WORK TASK = In the listing below, look for "Black" and copy every line that has it.

SUPPLIED RECORDS =
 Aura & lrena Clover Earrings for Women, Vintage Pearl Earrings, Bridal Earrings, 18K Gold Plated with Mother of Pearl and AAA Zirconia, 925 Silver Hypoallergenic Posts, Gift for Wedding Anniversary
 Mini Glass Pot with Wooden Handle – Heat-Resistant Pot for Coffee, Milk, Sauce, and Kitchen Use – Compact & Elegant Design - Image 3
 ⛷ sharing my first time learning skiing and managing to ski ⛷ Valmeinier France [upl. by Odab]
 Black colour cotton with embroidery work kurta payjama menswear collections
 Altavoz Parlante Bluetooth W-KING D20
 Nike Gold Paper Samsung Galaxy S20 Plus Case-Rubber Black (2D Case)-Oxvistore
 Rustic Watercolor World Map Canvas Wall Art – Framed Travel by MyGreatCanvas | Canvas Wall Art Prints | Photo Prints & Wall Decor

* * *

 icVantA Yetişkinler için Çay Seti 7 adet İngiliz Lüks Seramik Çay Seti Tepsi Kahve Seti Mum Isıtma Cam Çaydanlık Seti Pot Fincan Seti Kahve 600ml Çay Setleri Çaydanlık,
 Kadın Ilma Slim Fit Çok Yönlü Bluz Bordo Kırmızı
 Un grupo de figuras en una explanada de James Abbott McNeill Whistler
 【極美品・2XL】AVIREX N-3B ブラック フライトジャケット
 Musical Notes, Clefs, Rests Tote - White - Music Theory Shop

WRITTEN SOLUTION =
 Black colour cotton with embroidery work kurta payjama menswear collections
 Nike Gold Paper Samsung Galaxy S20 Plus Case-Rubber Black (2D Case)-Oxvistore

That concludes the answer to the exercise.